= Beginning of Section =

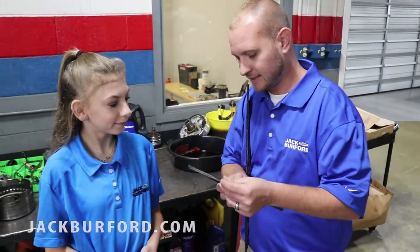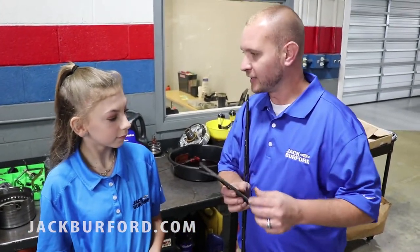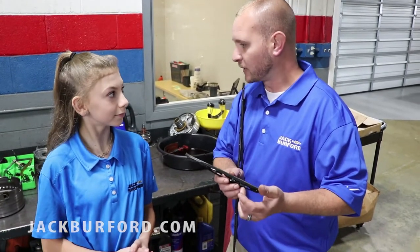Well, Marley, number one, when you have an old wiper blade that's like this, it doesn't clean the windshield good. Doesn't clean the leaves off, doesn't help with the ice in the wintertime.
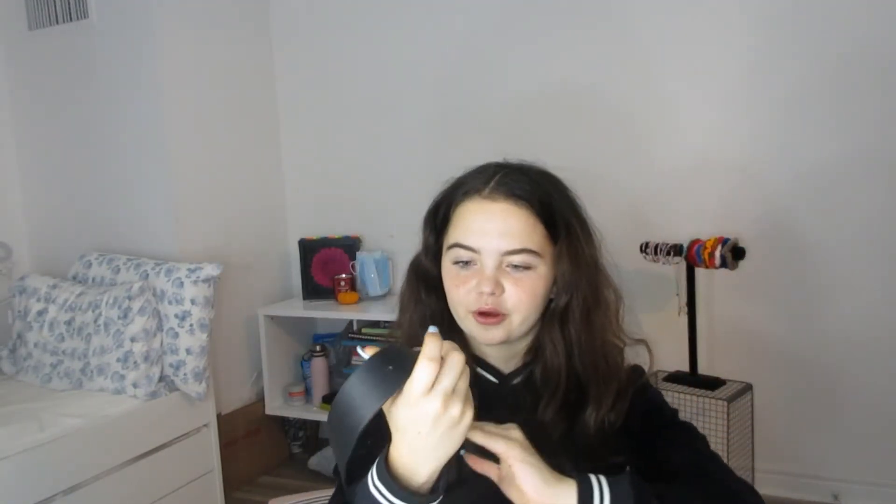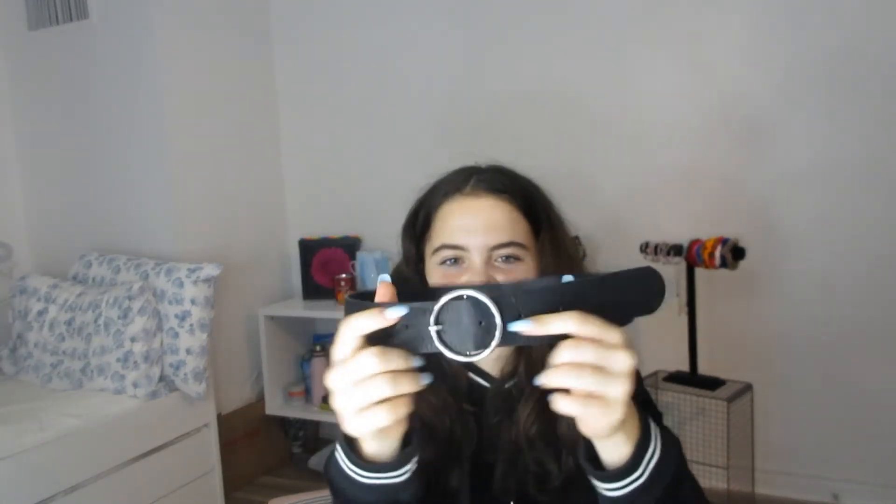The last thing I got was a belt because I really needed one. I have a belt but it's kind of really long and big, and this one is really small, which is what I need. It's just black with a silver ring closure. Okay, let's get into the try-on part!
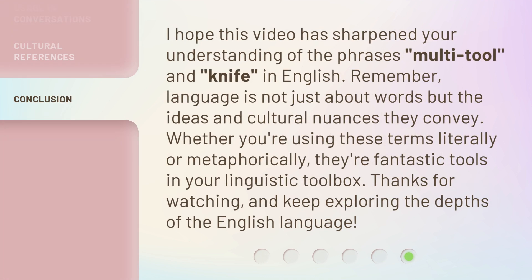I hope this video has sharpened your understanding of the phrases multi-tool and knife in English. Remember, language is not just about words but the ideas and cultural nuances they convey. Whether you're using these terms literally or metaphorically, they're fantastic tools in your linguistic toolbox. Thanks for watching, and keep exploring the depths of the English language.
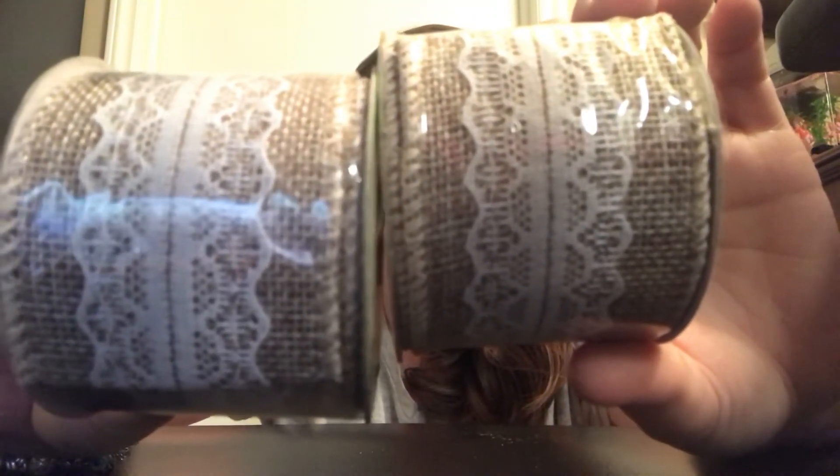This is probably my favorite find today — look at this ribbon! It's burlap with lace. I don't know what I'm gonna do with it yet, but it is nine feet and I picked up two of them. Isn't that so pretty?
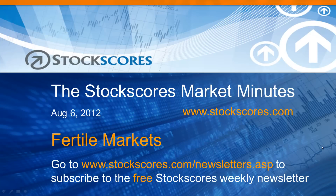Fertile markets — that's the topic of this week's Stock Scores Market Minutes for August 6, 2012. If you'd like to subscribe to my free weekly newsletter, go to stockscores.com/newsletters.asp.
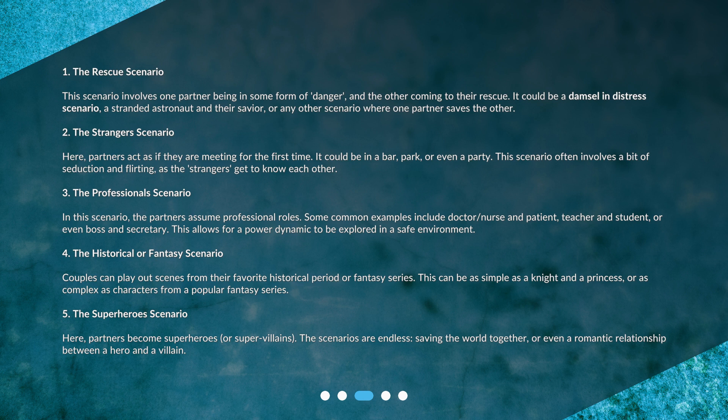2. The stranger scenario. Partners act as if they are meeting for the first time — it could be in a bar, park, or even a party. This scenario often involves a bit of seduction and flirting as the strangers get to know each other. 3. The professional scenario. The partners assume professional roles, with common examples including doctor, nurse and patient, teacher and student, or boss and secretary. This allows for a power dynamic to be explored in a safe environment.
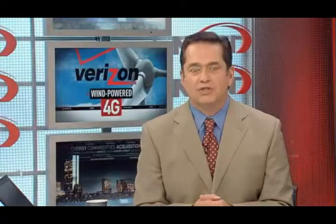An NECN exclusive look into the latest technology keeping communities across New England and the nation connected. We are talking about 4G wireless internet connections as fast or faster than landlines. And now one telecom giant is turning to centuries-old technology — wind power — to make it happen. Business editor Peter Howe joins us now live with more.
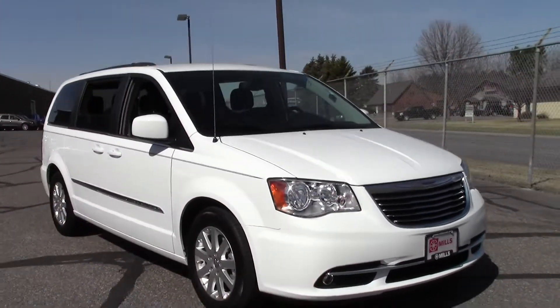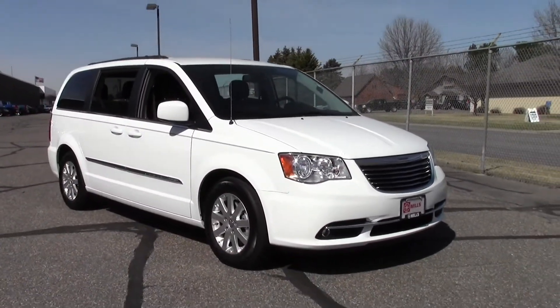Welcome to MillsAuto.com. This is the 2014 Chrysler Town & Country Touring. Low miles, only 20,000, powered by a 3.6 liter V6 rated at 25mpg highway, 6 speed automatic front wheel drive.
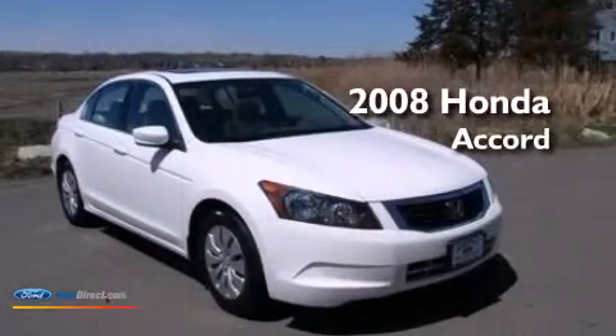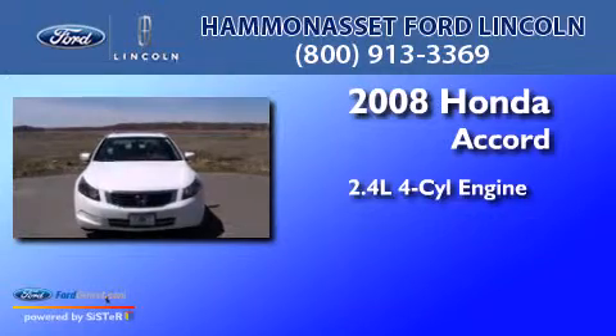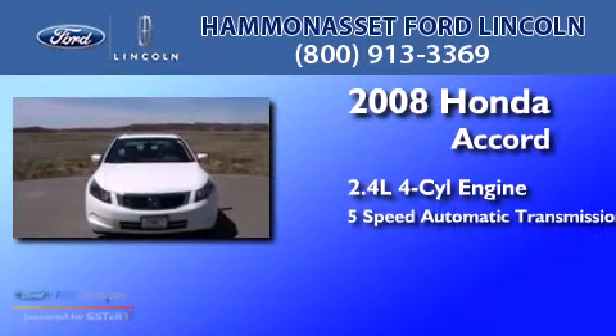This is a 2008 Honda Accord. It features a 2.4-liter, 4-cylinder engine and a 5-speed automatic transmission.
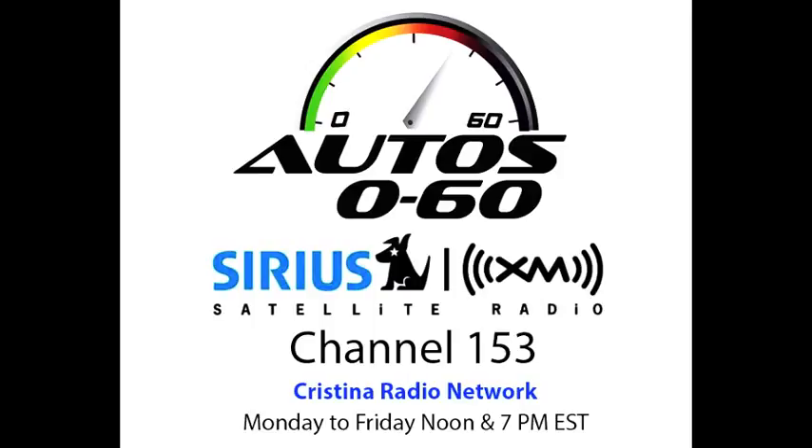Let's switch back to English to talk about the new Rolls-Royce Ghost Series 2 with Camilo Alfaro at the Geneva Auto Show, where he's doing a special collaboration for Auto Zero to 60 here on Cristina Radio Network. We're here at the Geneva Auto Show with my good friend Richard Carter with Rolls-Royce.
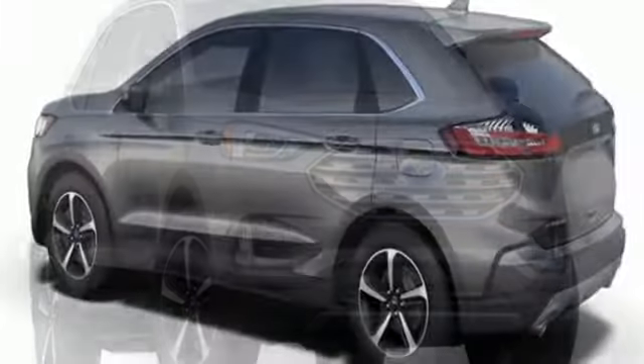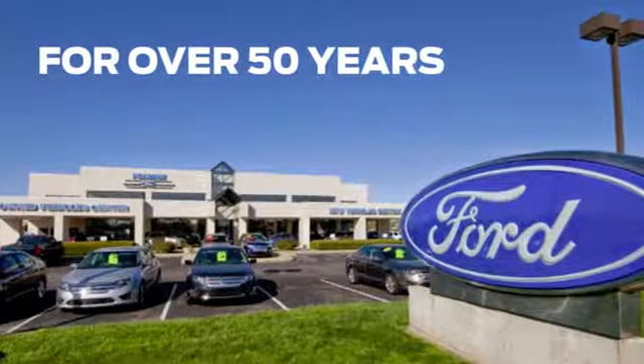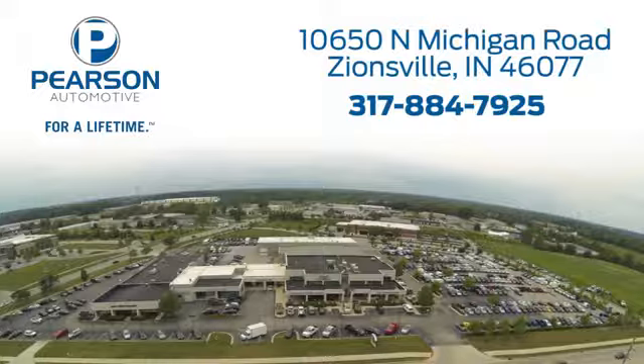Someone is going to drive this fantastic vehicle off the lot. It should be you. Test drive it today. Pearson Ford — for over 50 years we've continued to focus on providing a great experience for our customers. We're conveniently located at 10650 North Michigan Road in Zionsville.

= End of Section =

- **TASK PROMPT**:
I'd like the lines above repeated exactly, from the one that contains "Welcome to MillsAuto.com." through the one that contains "Let's switch back", with no pictures.

- **TASK RESULT**:
Welcome to MillsAuto.com. This is the 2014 Chrysler Town & Country Touring. Low miles, only 20,000, powered by a 3.6 liter V6 rated at 25mpg highway, 6 speed automatic front wheel drive.
This is a 2008 Honda Accord. It features a 2.4-liter, 4-cylinder engine and a 5-speed automatic transmission.
Let's switch back to English to talk about the new Rolls-Royce Ghost Series 2 with Camilo Alfaro at the Geneva Auto Show, where he's doing a special collaboration for Auto Zero to 60 here on Cristina Radio Network. We're here at the Geneva Auto Show with my good friend Richard Carter with Rolls-Royce.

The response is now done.